4. Term. The term of employment under this Agreement (the “Term) shall initially be for a one-year period commencing on the Effective Date (unless ending earlier pursuant to Section 5) and shall be automatically extended for additional consecutive twelve (12)-month periods on the anniversary of the Effective Date and each subsequent anniversary thereof, unless and until the Company or Executive provides written notice to the other party not less than ninety (90) days  before such anniversary date that such party is electing not to extend the Term, in which case the Term shall end at the expiration of the Term as last extended, unless sooner terminated as set forth below.
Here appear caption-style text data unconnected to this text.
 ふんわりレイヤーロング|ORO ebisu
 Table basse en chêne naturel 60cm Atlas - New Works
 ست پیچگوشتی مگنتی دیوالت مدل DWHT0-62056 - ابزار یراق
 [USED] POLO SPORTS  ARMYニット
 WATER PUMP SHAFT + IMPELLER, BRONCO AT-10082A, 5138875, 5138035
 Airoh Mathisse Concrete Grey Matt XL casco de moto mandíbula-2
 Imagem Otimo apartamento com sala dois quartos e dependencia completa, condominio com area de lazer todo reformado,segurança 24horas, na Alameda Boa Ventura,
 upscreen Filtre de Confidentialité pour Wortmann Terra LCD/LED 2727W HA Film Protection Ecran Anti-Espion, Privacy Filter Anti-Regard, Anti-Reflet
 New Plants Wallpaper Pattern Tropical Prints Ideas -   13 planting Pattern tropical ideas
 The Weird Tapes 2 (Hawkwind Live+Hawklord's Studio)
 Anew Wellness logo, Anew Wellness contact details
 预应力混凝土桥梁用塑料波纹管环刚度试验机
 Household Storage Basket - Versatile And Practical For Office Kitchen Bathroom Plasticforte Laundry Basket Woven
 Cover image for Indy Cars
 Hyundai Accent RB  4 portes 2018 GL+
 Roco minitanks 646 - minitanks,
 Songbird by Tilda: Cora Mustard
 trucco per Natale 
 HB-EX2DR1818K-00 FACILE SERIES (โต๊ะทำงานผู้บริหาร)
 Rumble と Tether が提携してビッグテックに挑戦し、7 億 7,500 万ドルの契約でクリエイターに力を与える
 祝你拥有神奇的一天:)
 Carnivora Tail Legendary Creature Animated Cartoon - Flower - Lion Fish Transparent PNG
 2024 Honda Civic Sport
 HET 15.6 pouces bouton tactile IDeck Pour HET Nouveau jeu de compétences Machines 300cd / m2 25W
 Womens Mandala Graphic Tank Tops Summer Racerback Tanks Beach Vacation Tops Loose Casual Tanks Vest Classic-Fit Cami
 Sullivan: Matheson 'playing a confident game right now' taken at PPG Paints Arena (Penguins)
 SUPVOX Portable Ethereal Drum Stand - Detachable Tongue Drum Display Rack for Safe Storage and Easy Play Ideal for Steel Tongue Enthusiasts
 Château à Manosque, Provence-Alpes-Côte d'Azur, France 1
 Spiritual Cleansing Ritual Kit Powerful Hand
Following any such notice by the Company of its election not to extend the Term, Executive may terminate his employment at any time prior to the expiration of the Term by giving written notice to the Company at least thirty (30) days prior to the effective date of termination, and upon the earlier of such effective date of termination or the expiration of the Term, Executive shall be entitled to receive the same severance benefits as are provided upon a termination of employment by the Company without Cause as described in Section 6.

 

5. Termination.

 

(a) Termination at the Company’s Election.

 

(i) For Cause. At the election of the Company, Executive’s employment may be terminated at any time for Cause (as defined below) upon written notice to Executive given pursuant to Section 11 of this Agreement. For purposes of this Agreement, “Cause” for termination shall mean that Executive: (A) pleads “guilty” or “no contest” to, or is convicted of an act which is defined as a felony under federal or state law; (B) in carrying out his duties, engages in conduct that constitutes gross negligence or willful misconduct; (C) engages in substantiated fraud, misappropriation or embezzlement against the Company; (D) engages in any inappropriate or improper conduct that causes material harm to the reputation of the Company; or (E) materially breaches any term of this Agreement. With respect to subsections (B), (C), (D) and (E) of this section, the Company shall provide Executive with written notice of the reason or reasons for a potential Cause determination no later than ninety (90) days after the initial existence of the condition leading to the potential Cause determination and Executive shall have thirty (30) days to cure such reasons or reasons. If cured, Cause shall no longer apply to the reason or reasons set forth in the Company's notice.

 

(ii) Upon Disability, Death or Without Cause. At the election of the Company, Executive’s employment may be terminated: (A) should Executive have a physical or mental impairment that substantially limits a major life activity and Executive is unable to perform the essential functions of his job with or without reasonable accommodation (“Disability”); (B) upon Executive’s death; or (C) with ninety (90) days prior written notice, at any time Without Cause for any or no reason.

 

(b) Termination at Executive’s Election; Good Reason Termination. Notwithstanding anything contained elsewhere in this Agreement to the contrary, Executive may terminate his employment hereunder at any time and for any reason, upon thirty (30) days’ prior written notice given pursuant to Section 11 of this Agreement (“Voluntary Resignation”), provided that upon notice of resignation, the Company may terminate Executive’s employment immediately and pay Executive thirty (30) days’ Base Salary in lieu of notice. Furthermore, the Executive may terminate this Agreement for “Good Reason,” which shall be deemed to exist: (i) if the Company’s Board of Directors or that of any successor entity of Company, fails to appoint or reappoint the Executive or removes the Executive as the CFO and Executive Vice-President of the Company; (ii) if Executive is assigned any duties materially inconsistent with the duties or responsibilities of the CFO and Executive Vice-President of the Company as contemplated by this Agreement or any other action by the Company that results in a material diminution in such position, authority, duties, or responsibilities, excluding an isolated, insubstantial, and inadvertent action not taken in bad faith; or (iii) a material breach by the Company of this Agreement. Good Reason shall not exist hereunder unless the Executive provides notice in writing to the Company of the existence of a condition described above within a period not to exceed ninety (90) days of the initial existence of the condition, and the Company does not remedy the condition within thirty (30) days of receipt of such notice and Executive terminates employment for such notice within thirty (30) days after such cure period has expired if the breach was curable and has not been remedied.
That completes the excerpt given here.